The Thirteenth Tribe
By Arthur Koestler
Published in 1976
Thibault’s Score: 4/5
The Thirteenth Tribe is a fascinating history about the Jewish Khazar Khaganate which existed from roughly 800 AD until 1000 AD, with some remnants surviving into the 1200s. The book covers the fascinating, and incredibly confusing, origins of the Ashkenazi Jews of Eastern Europe.
The Khazar Khaganate was a Turkish tribe that lived in the northern regions of modern Azerbaijan and Georgia and controlled parts of modern day Russia and Ukraine as well. The Khazar Khaganate was located along the Silk Road, facilitating trade inbetween the Muslim Persians and the Christian Byzantines. This caused a serious problem when the Muslims and Christian Byzantines went to war. In order to remain neutral, the Khazars converted to Judaism.
Only a tiny percentage of the Khazar population ever converted to Judaisim, and those that did tended to adopt the heretical Karaite sect of Judaism. Most of the Khazars who converted were tied to the royal family. Roughly a century after their conversion to Judaism, the Khazar Khaganate collapsed, forcing the minority of converted Jews to immigrate into Eastern Europe.
Modern genetic studies have partially confirmed the Khazar hypothesis. It is now known that roughly 10% of Ashkenazi Jewish males have Y chromosomes associated with Khazar ancestry.

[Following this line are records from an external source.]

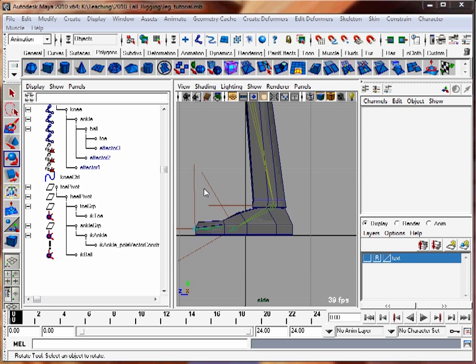Hello, welcome back to part two of this foot roll tutorial. Hopefully I didn't scare you off with the first part.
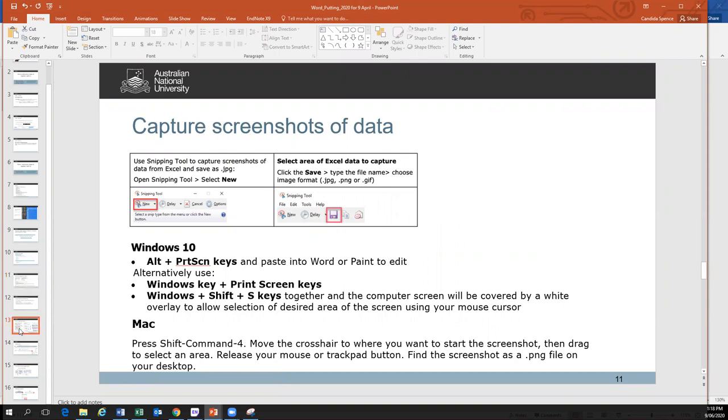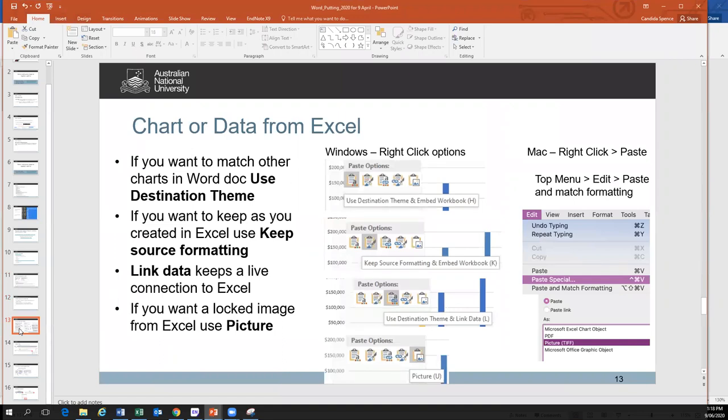Excel has a few different ways to bring in your documents. My preferred method is to lock an image: copy from Excel and paste it as a picture. I'll show you the difference with colorings — when you bring an Excel chart into Word, Word sometimes chooses a different color scheme. So you need to be aware of that. This information about the Snipping Tool and the Excel chart is in the handout that you'll have access to after today.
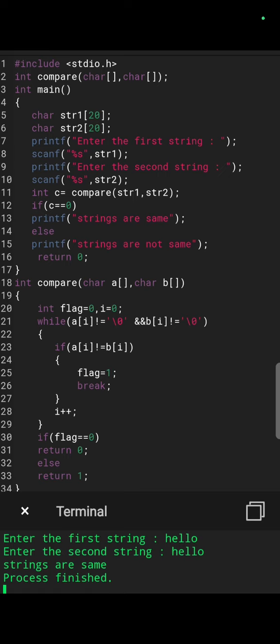So we can say that the character is not same. If the character is same, we have to go further. i++ Then we have to check the next character.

The history of the Khazar Khaganate is fascinating because it paints a different story of Jews during the Middle Ages. Pop culture depicts Jews as oppressed creatures living in the shadow of a stronger and tyrannical medieval society. The existence of the Khazar Khaganate’s steppe warriors challenges this view by showing another, more martial, side of medieval Judaism.
Some anti-semites have attempted to use the Khazar Khaganate to challenge the Jewish claim to Israel. They make the case that if Jews come from a Turkish tribe then they have no place in the holy land. Anyone who uses medieval history to make nationalist or anti-nationalist claims in modern times fundamentally misunderstands the chaotic, decentralized nature of the middle ages. Israel was continuously inhabited by some Jews from the time of the first diaspora, through the Islamic conquest, the crusades, the colonial era, and into the present.
The anti-semetic use of the Khazar Khaganate has caused some Jewish extremists to overreact, altogether labeling anyone who studies the Khazars as anti-semetic because they assume that the only reason to study the Khazars is to challenge the existence of the state of Israel. This is ironic, because the Khazars should instead be celebrated as another fascinating tile in the mosaic that makes up Jewish history.